For the CEO: 9 Fatal Assumptions About Marketing Personnel
Let’s face it, wondering whether you have the right marketing personnel, or justification for marketing spend is a difficult question to answer. The ROI of marketing, from payroll for this position to marketing budget allocation, is easy to obsess over when revenue targets are at risk, or operational costs are being examined.
Some roles within the organization are easy to justify. Take for example, the sales staff. Justifying the operational cost of having sales staff on the payroll is easier math. Where marketing talent/operational costs get difficult to justify, is when these costs are not directly or overtly tied to revenue. Whether you are looking for a senior-level marketing executive, or a marketing administrator who can take direction, or questioning whether your existing talent is the right person for the job, having a clear understanding of what marketing should be doing will help.

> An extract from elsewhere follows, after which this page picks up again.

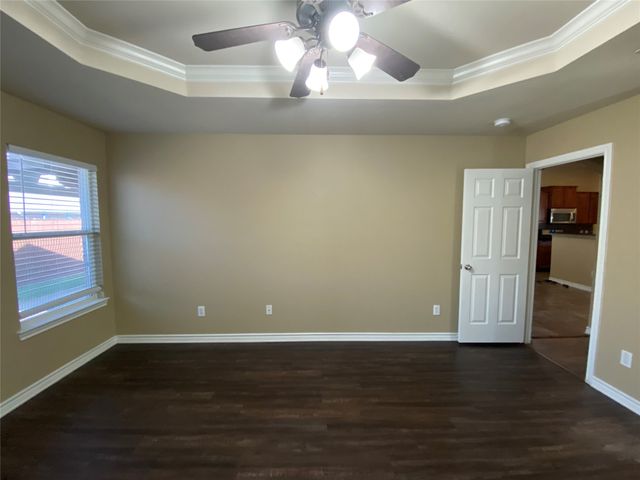 2745 Treasure Cove Drive, Lewisville, TX 75056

There is common, yet fatal assumptions firm leaders make when hiring or evaluating marketing personnel. Getting clarity around their expertise, versus assuming they have the skills that accompany these baseline requirements for the marketing job, is a great place to start. This evaluation will illuminate whether you have the marketing talent your firm needs in order to get where you want to grow.
9 Fatal Assumptions about Marketing Personnel
They are experts in lead generation.
They collaborate regularly with the sales staff.
They know how to build, promote, and preserve your brand.
They know how to build a marketing plan and budget.
They know how to optimize your website and handle digital marketing.
They have a social media strategy.
They know your ideal target market better than anyone in your firm and know where to find leads with these ideal characteristics.
They follow a plan and will remain agile to pivot quickly if needed.
They know your firm’s revenue target and can articulate how many Marketing Qualified Leads they need to produce to ensure your firm has a shot at hitting the revenue target.